The least that can be said of Keeping On Keeping On is that it is an extraordinarily long book: over 700 pages of play scripts (Denmark Hill, The Hand of God), introductions to those works, elegies delivered at funerals and most substantially a decade’s worth of diaries from 2005 to 2015. The Bennett who emerges from these prodigal jottings, annually extracted by the LRB, is a number of things—a loyal friend, a good liberal, a practised sceptic, the proud supporter of many a good brave cause, a brisk observer of the teeming world beyond the Primrose Hill window—but he is above all a complainer, an ingrate of such indefatigable persistence as to straightaway claim a place at a table otherwise reserved for such masters of the art as Larkin, Kingsley Amis and possibly James Lees-Milne.
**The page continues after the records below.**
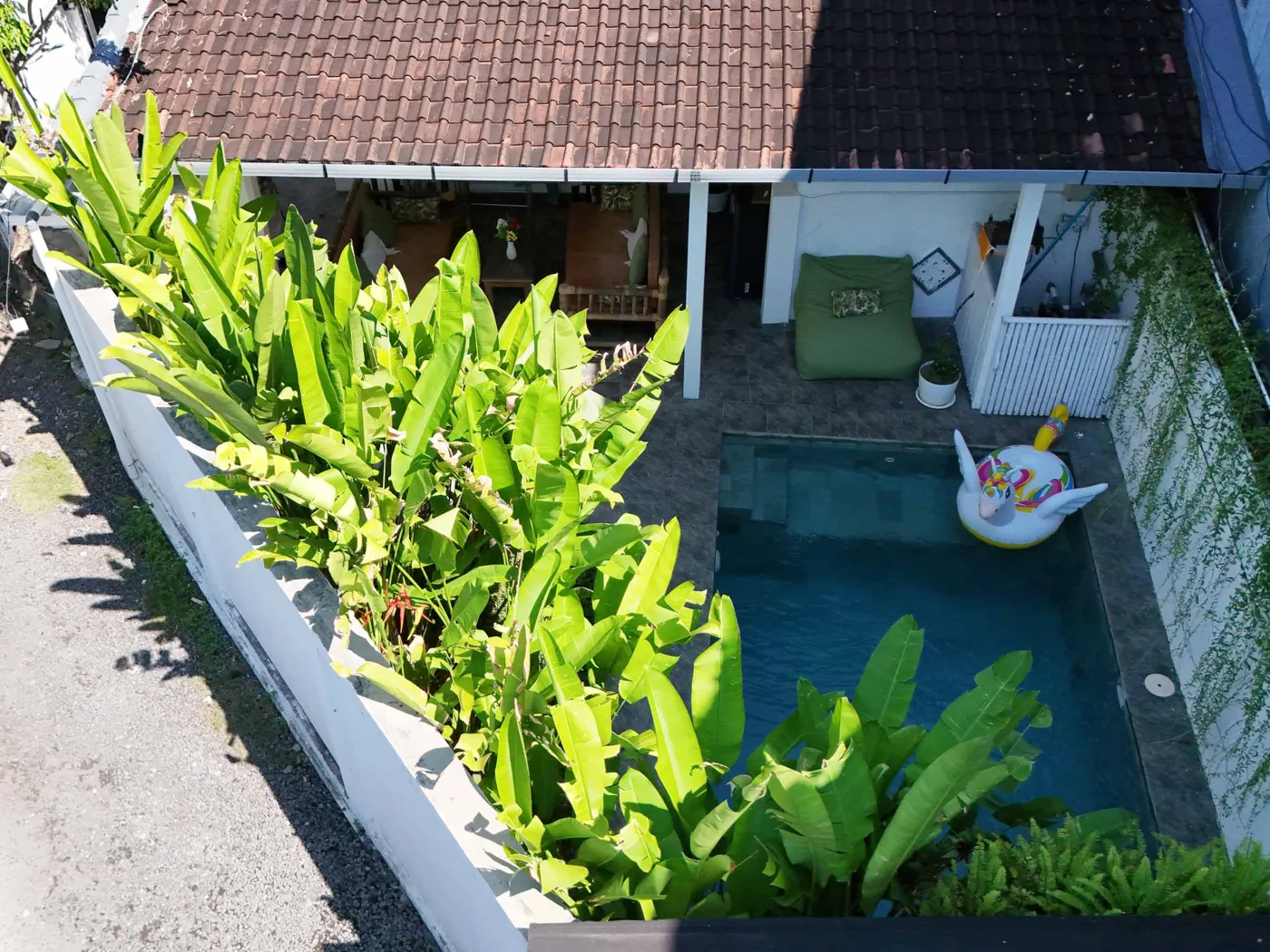 The White House Villa Taeyvela Seminyak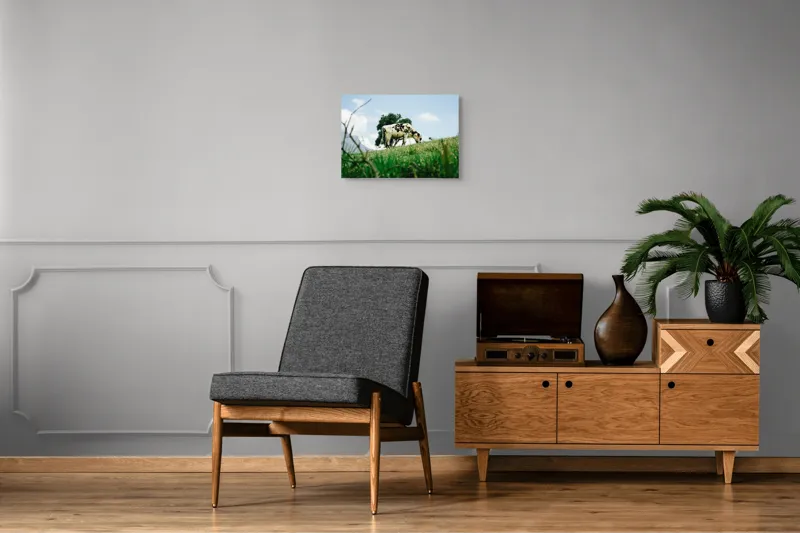 Tablou Canvas, "Vacă pășunând pe dealul verde", Nori, Vaci, Iarbă, Copac, Cer, Peisaj, Natură, Tranquilitate, 54 x 39 cm – poza 7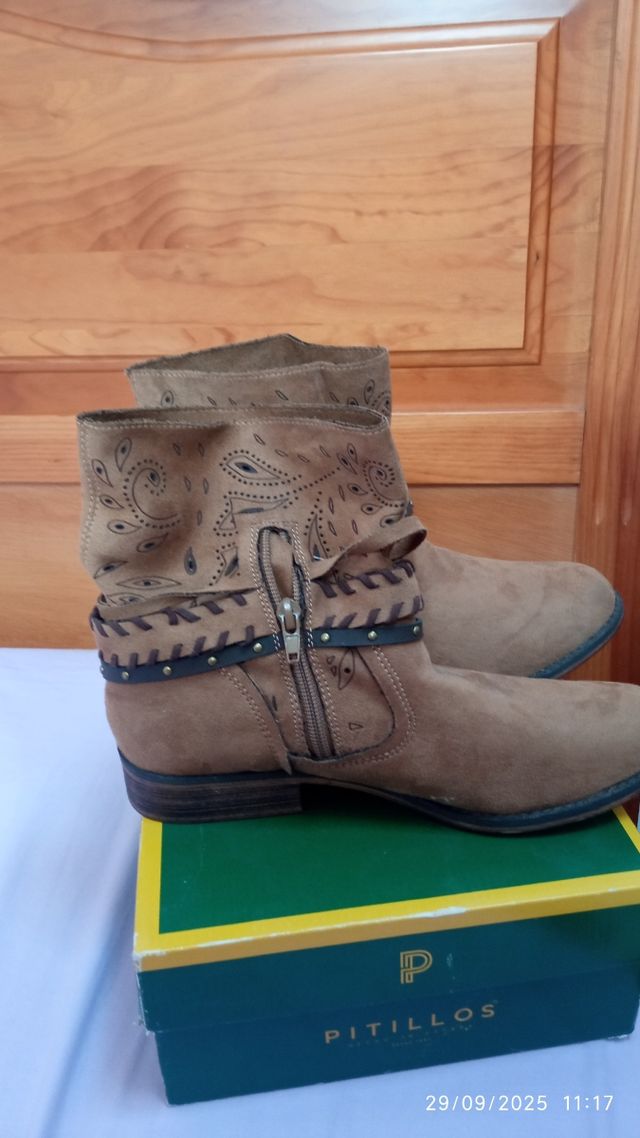 Botines de ante  beige/marrón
No doubt about it, the life of a distinguished elderly playwright (Bennett is nearing 71 when these diaries begin, 81 at their close), doing the rounds of the rehearsal studios both here and abroad, inspecting country houses in the company of his long-term partner Rupert or simply pottering around the bourgeois end of Camden, is plainly the purest hell. There is the upcoming London Olympic Games (“…I have yet to speak to one person who is enthused about the Olympics. If the scenes of ritual rejoicing (‘Yes!’) were not enough to put one off there is the prospect of seven years of disruption, procrastination, excuses and inconvenience…”) There is the fan-mail (like “being pelted with small stones” apparently) and there is the smugness of the local middle-classes who go around “hugging themselves in self-congratulation at the perfection of their lives.”
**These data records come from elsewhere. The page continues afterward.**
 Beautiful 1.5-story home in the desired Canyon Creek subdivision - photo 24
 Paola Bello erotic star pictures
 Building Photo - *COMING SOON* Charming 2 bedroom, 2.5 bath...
Gradually, as year succeeds year, this net of objurgation extends to take in what celebrity can do for you and what it can’t, as well as the cake that can be had and eaten on the journey too (sometimes, as when people are being helpful at airports, literally on the journey). It hovers over slights—real or imagined—to one’s reputation (there is a rueful little entry from 2nd September 2006 when someone on Saturday Review charges the novelist Mark Haddon with an “Alan Bennett-ish tweeness” and another one on 7th July 2007 after Terry Eagleton writes a piece in the Guardian alleging that “of all the eminent writers and playwrights only Pinter continues radical and untainted by the Establishment”). It is regularly sent forth to pinion mistakes made by journalists over which member of the Cambridge Footlights said what to whom back in, as it may have been, 1959.
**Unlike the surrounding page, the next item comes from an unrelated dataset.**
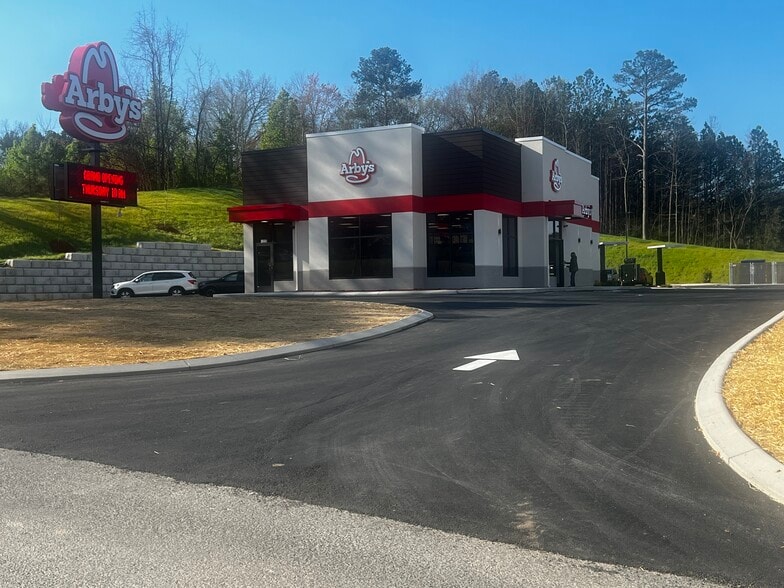 Primary Photo Of 1220 Perimeter SE Dr, Cleveland Fast Food For Sale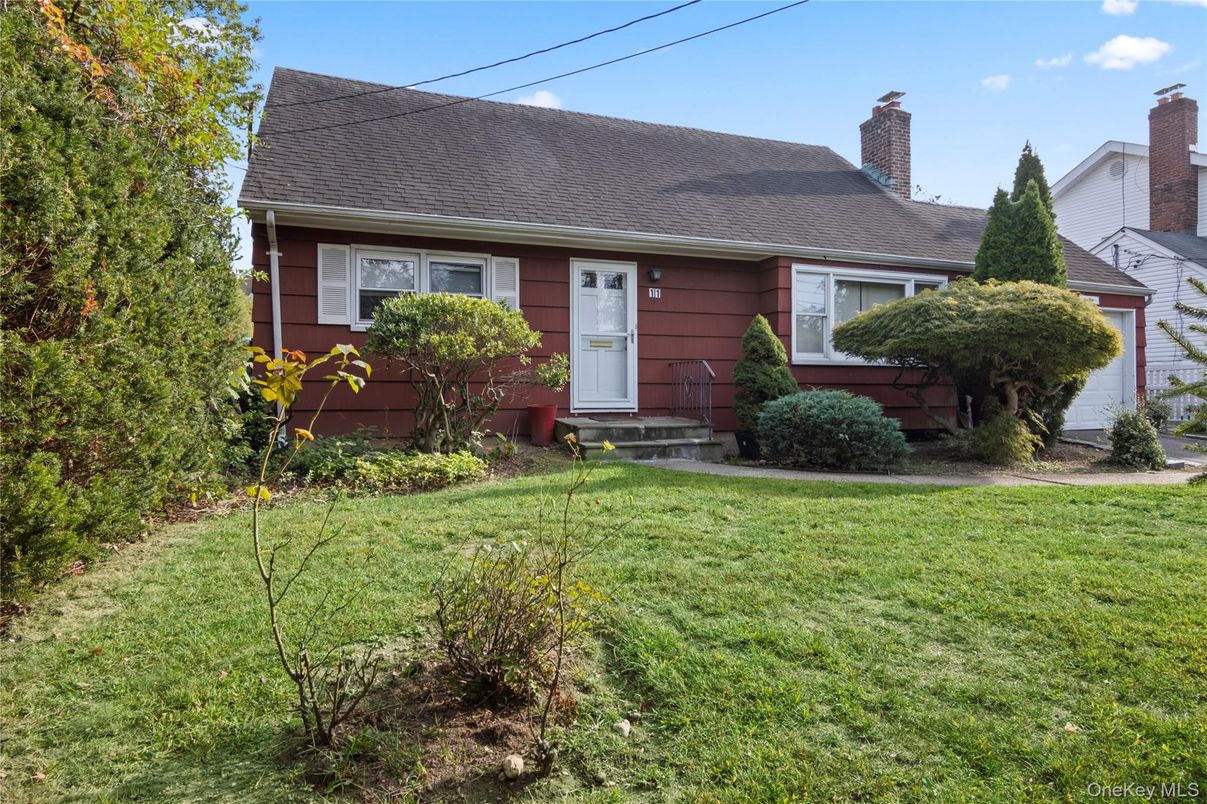 Backyard, Exterior, Facade, Cape Cod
Best of all are one or two circular flights of truculence. Or perhaps that isn’t quite the right phrase for a process in which Bennett seems almost to be policing himself from one sentence to the next, reining in his outward satisfaction with a whinge and then glossing the whinge in a way that undermines the whole exercise. There is a wonderful, and wonderfully comic, moment in summer 2013 when Bennett commends the spectacle of streets cleared of traffic by Andy Murray’s appearance in the Wimbledon final. Not, he hastens to assure us, that he is a fan of Murray (“it’s depressing to find his grim grimacing determination has paid off, a triumph of grit over grace”). Then comes a lightning switch from particular to general (“not that anyone in tennis has much grace these days”) followed by a brisk cancelling out of the author’s qualifications for making his judgements in the first place “(as if I knew [or cared]).”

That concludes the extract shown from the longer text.